Without any pictures, retype exactly the lines that begin at the one holding "2.0TDCI 4x4" and end at the last line of the data below.

*** Opening of PROVIDED RECORDS ***

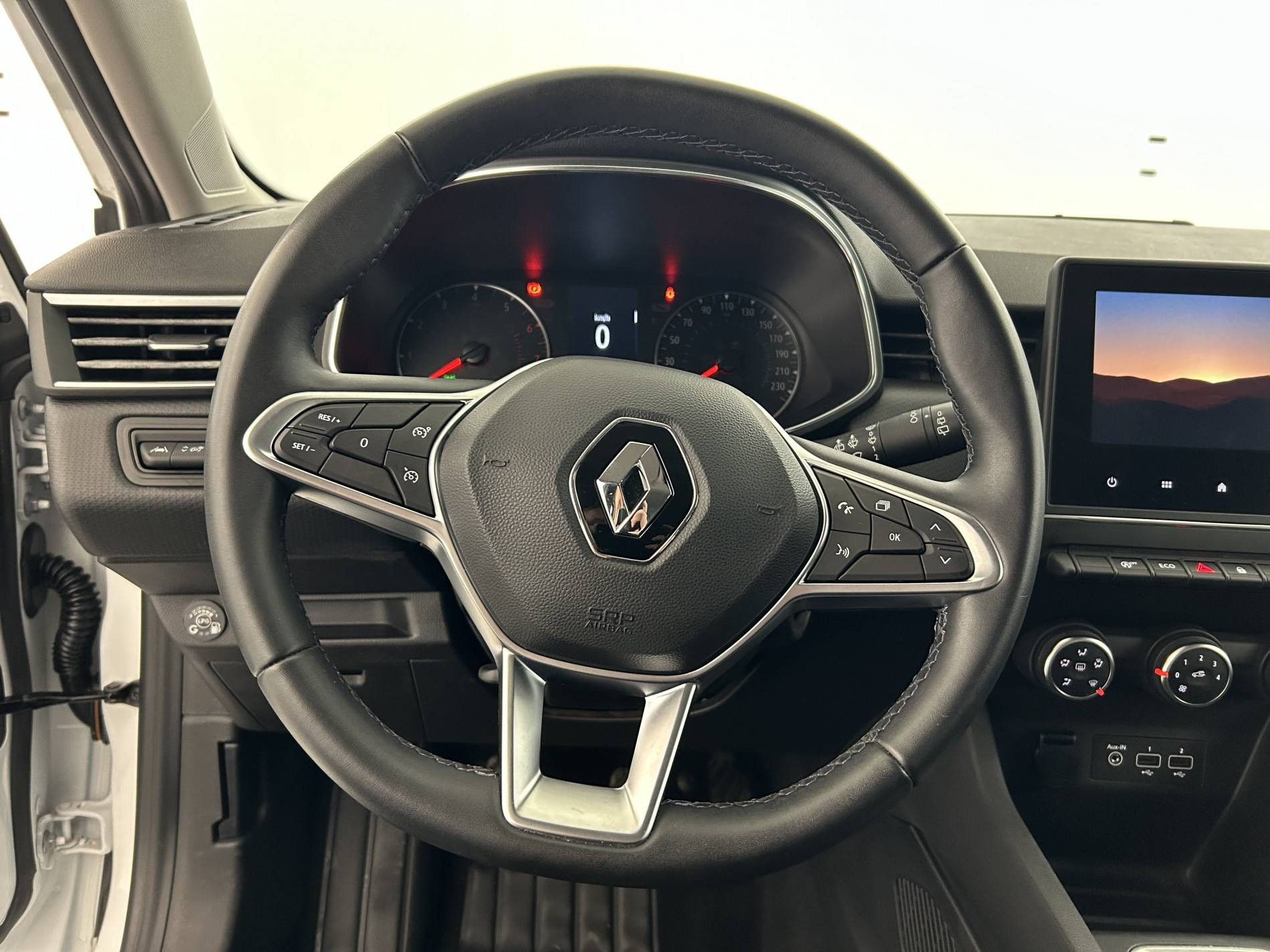 Vente en ligne Renault Clio 5 Clio TCe 100 GPL - 21 au prix de 12 590 €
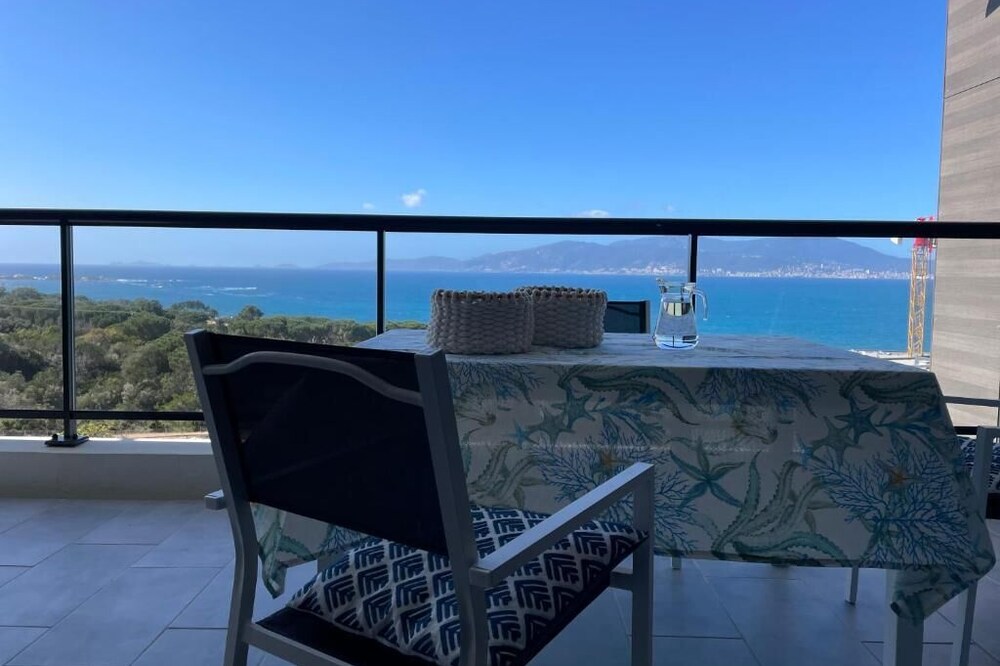 Appartement Rubis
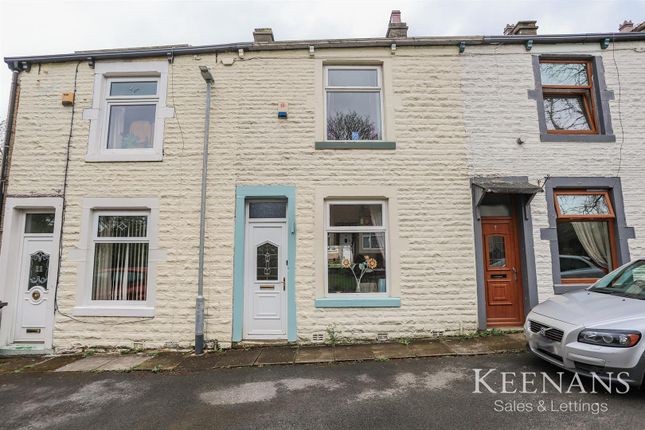 Terraced house for sale in Kensington Place, Burnley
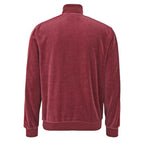 Fila Green Cotton Sweatshirt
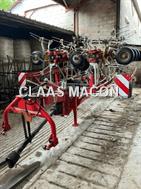 Pöttinger FANEUSE HIT 12-14 T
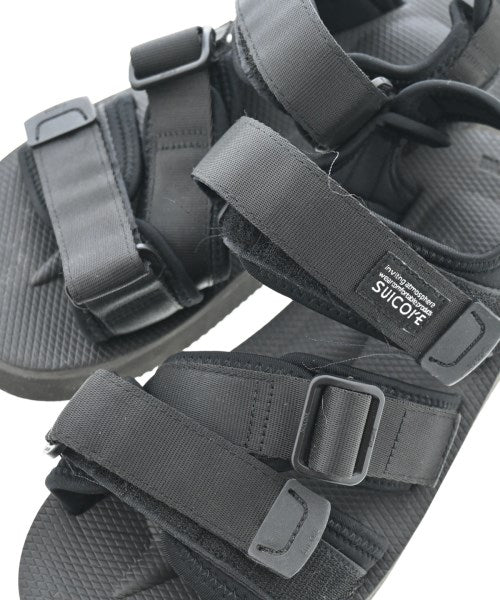 Suicoke รองเท้าแตะ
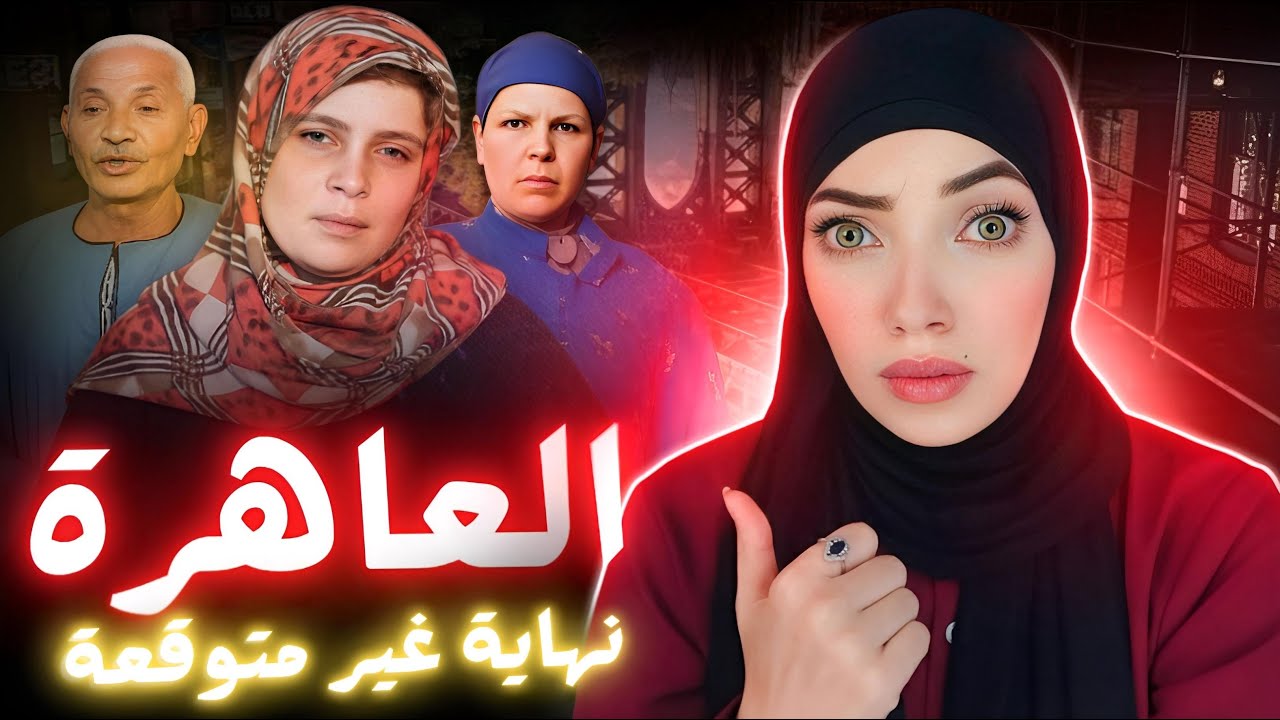 العشق الحرام و الغيرة المفرطة اتسببوا في جريمة صدمت الكل - قضايا عربية
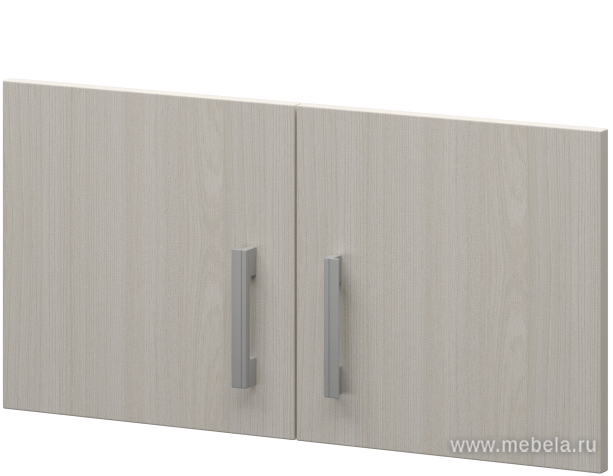 Двери из ДСП для антресолей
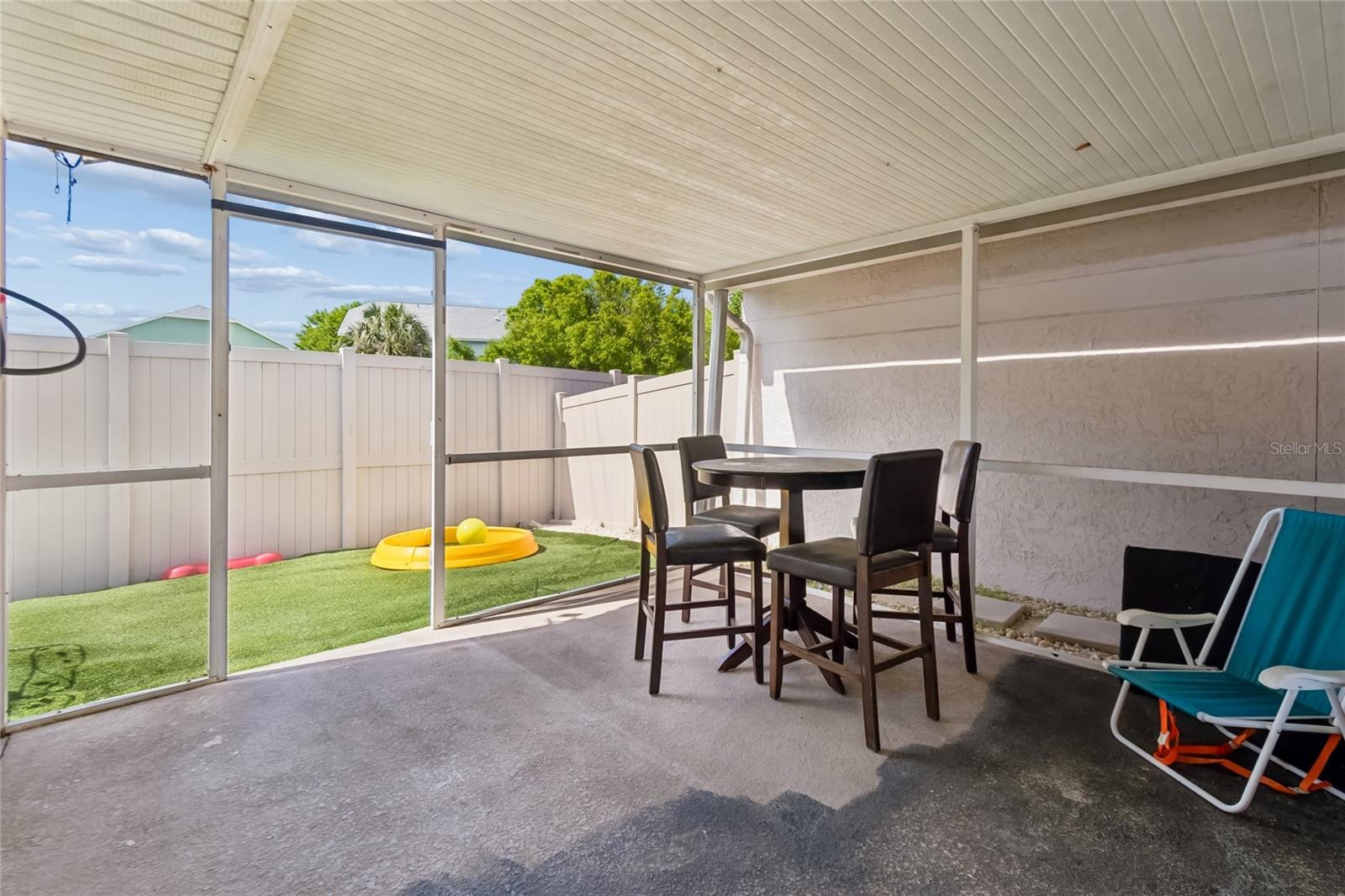 BAYPORT WEST PH 02 - Residential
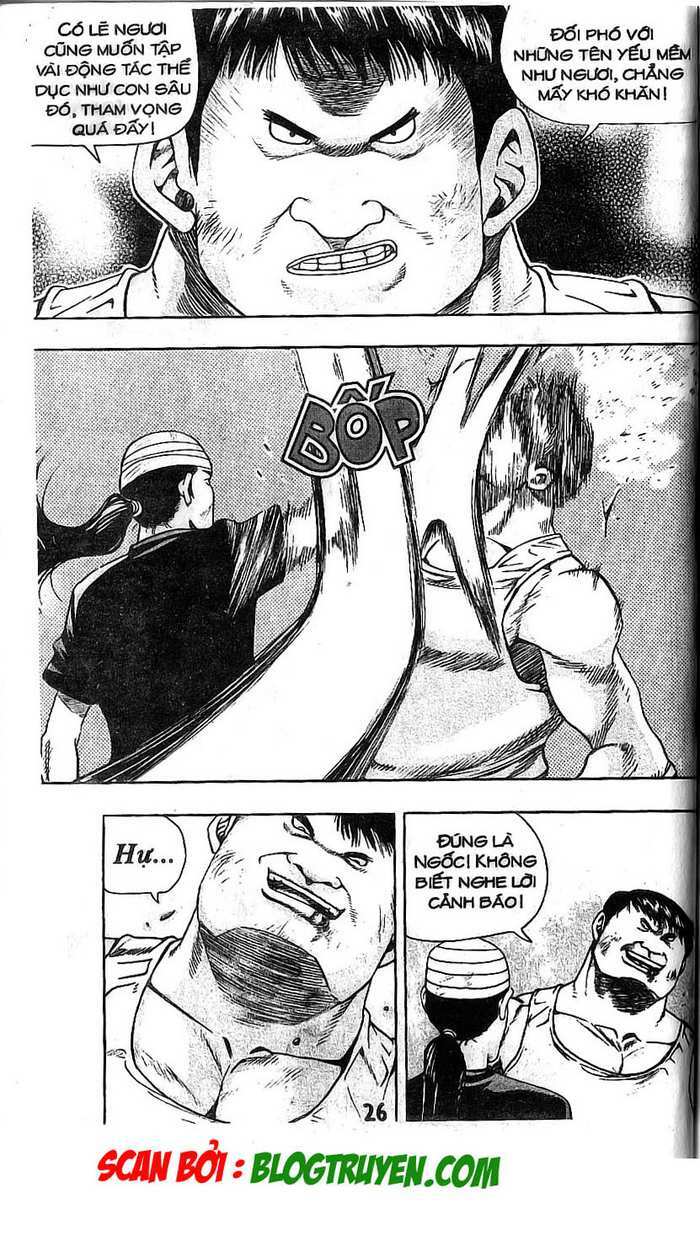 Kid Gang: Chapter 101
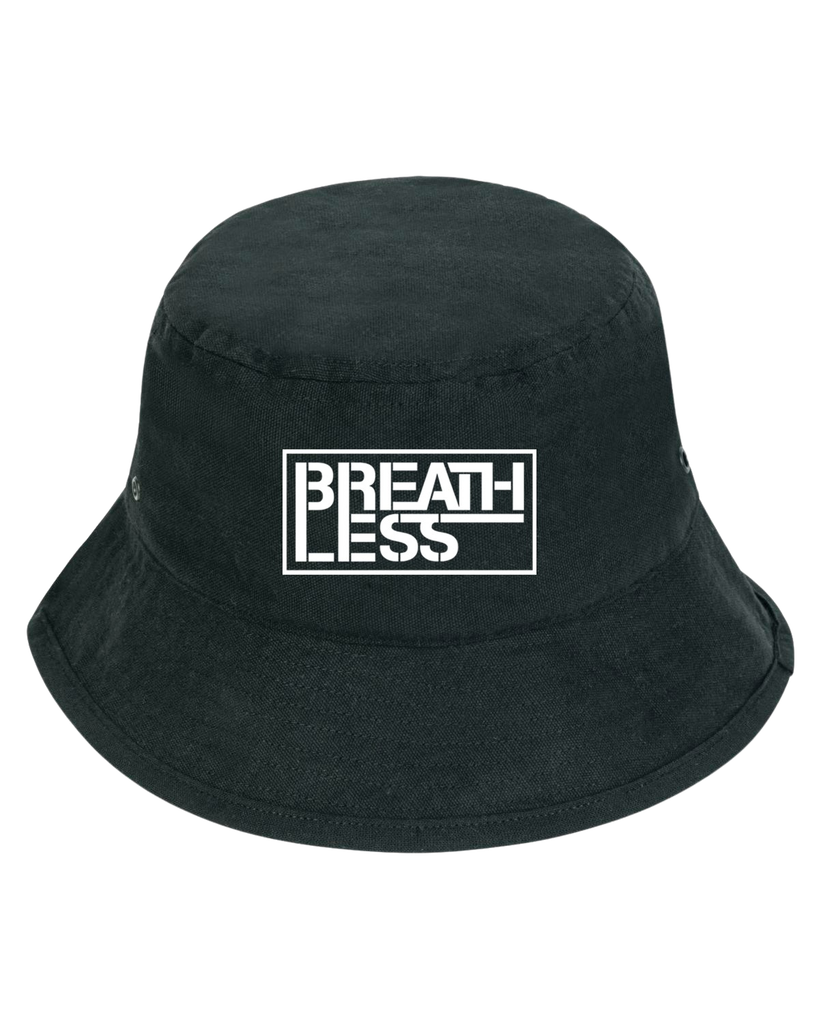 DJ Breathless Bucket Hat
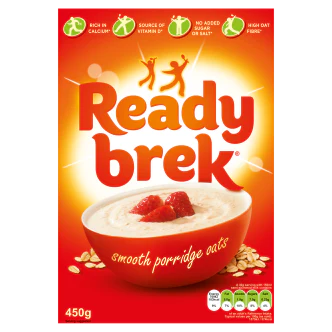 6 x Ready Brek 450Gm - Image 3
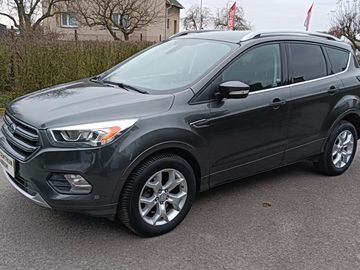 2.0TDCI 4x4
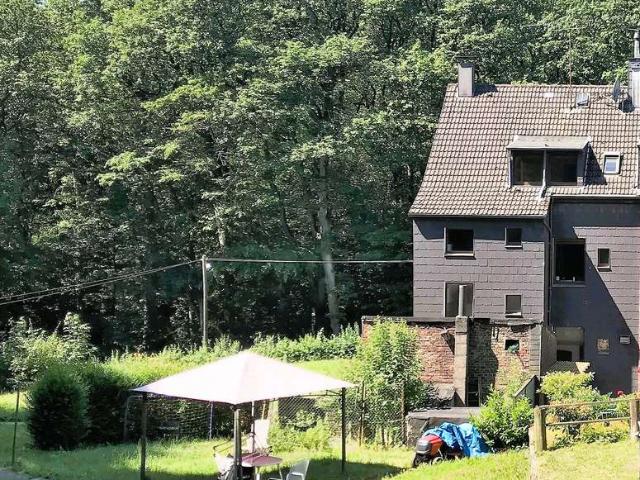 Erdgeschosswohnung kaufen in Essen
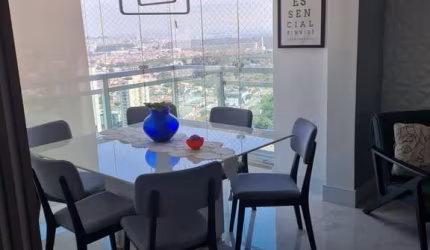 Helbor Life Club Mogilar - Lindo Apartamento para venda com 3 quartos e 2 vagas no Helbor Life Club, Vila Mogilar, Mogi das Cruzes, SP.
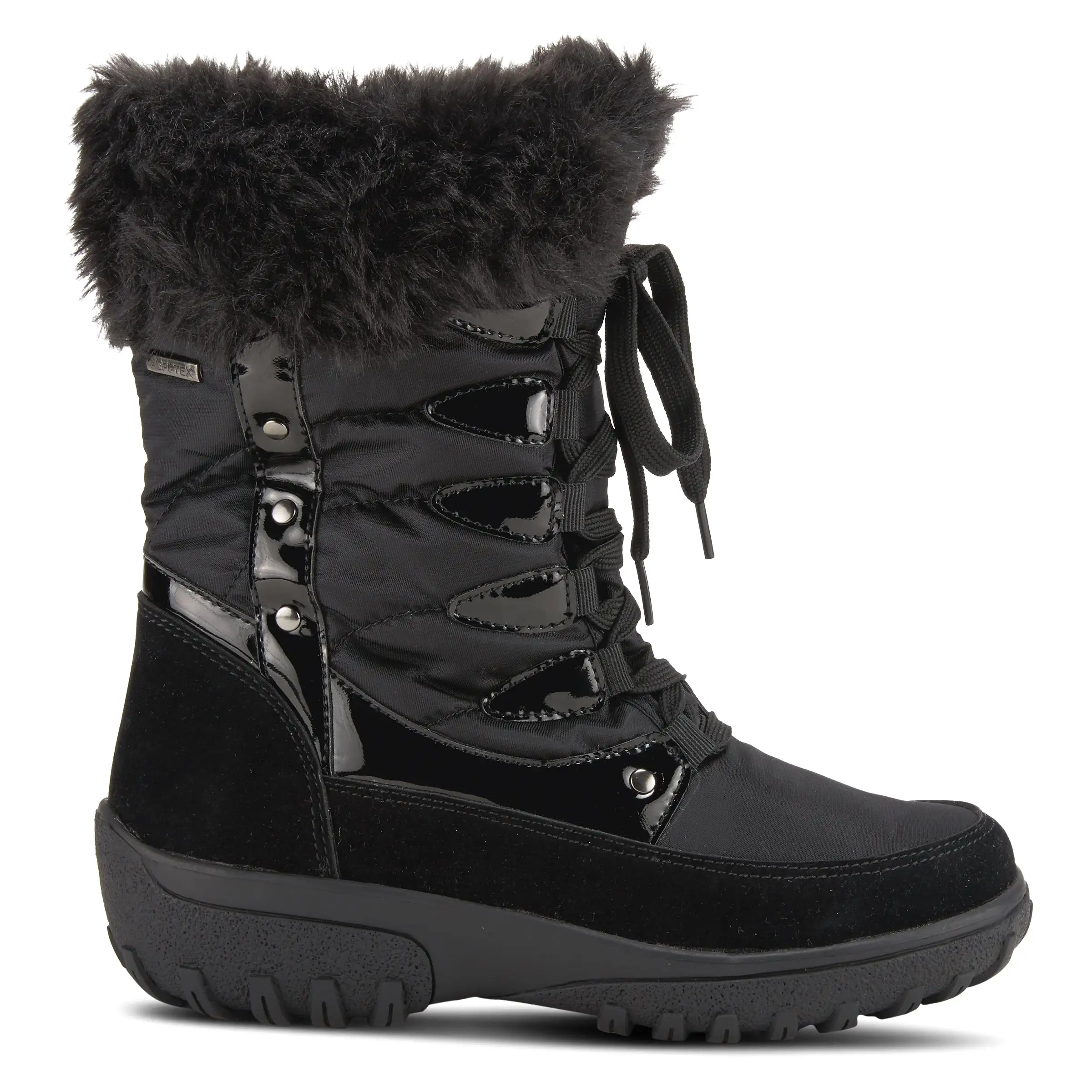 Flexus STORMY Boots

*** Close of PROVIDED RECORDS ***

## ANSWER BOX
 2.0TDCI 4x4
 Erdgeschosswohnung kaufen in Essen
 Helbor Life Club Mogilar - Lindo Apartamento para venda com 3 quartos e 2 vagas no Helbor Life Club, Vila Mogilar, Mogi das Cruzes, SP.
 Flexus STORMY Boots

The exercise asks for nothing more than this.